Responding to a couple of my posts from earlier this week on translation, Nate over at Un-canny Ontology writes:
What is translation? And why do some things get translated and others do not?
Translation is more than a simple replication. Translation always involves a certain degree of interpretation in which what is inputted is always changed or transformed – from photons of light to complex sugars. Objects translate each other, they change each other without encountering each other directly, which means that objects first and foremost recognize each other.

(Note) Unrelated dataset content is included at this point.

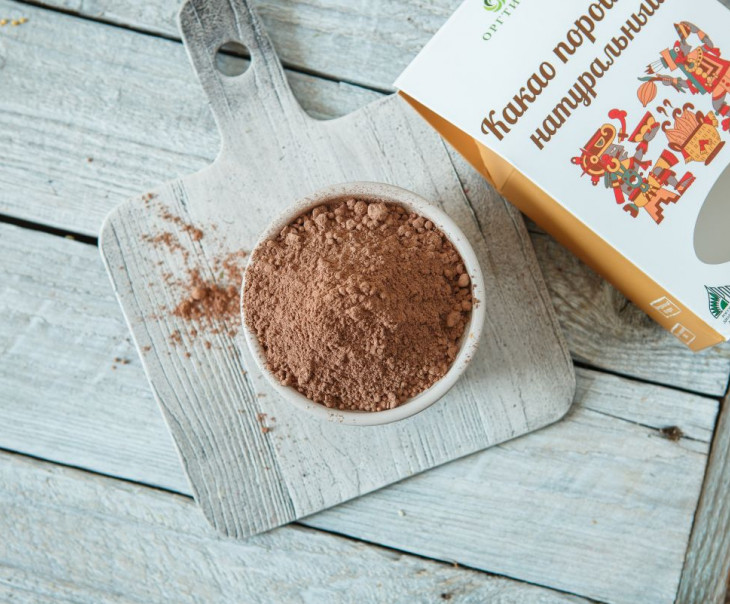 1825 Какао порошок натуральный Вкусляндия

I am pretty uncomfortable with Nate’s talk of objects “knowing” each other and “recognizing” each other as I think this implies a degree of intentionality (in the phenomenological sense) that only belongs to a subset of objects (humans, many animals, certain computer systems perhaps, social systems), not all objects. In my view, it’s necessary to distinguish between reflexive objects capable of registering their own states and relations to other entities like social systems or cognitive systems, and non-reflexive objects that do not have this characteristic. In other words, where non-reflexive objects are in question it’s important to emphasize that intentionality is not required for translation to take place and be operative in relations between objects.
read on!
Nonetheless, when this qualification is made, I do think Nate is asking a good question. I’m of two minds about this question. On the one hand, my initial thought is that it is not for philosophy to answer how translation takes place in any specific relation between objects. Initially this response might look like a dodge; however, it is premised on a distinction between the sort of thing philosophy does and the sort of thing other disciplines do.
Since I am on a Bhaskar kick lately, this point can be illustrated by analogy to Bhaskar’s ontology. Bhaskar asks the transcendental question “what must the world be like in order for our sciences to be possible?” Among his answers is the thesis that things must be structured and differentiated, they must be capable of acting without us knowing them or being aware of them (his generative mechanisms), they must be capable of acting without producing effects in all cases, they must have powers or capabilities, it must be possible to form more or less closed systems (for experiment to be possible and significant), and in open systems these generative mechanisms must be capable of acting without producing the sorts of effects we encounter when triggering a generative mechanism in the closed system of an experimental setting.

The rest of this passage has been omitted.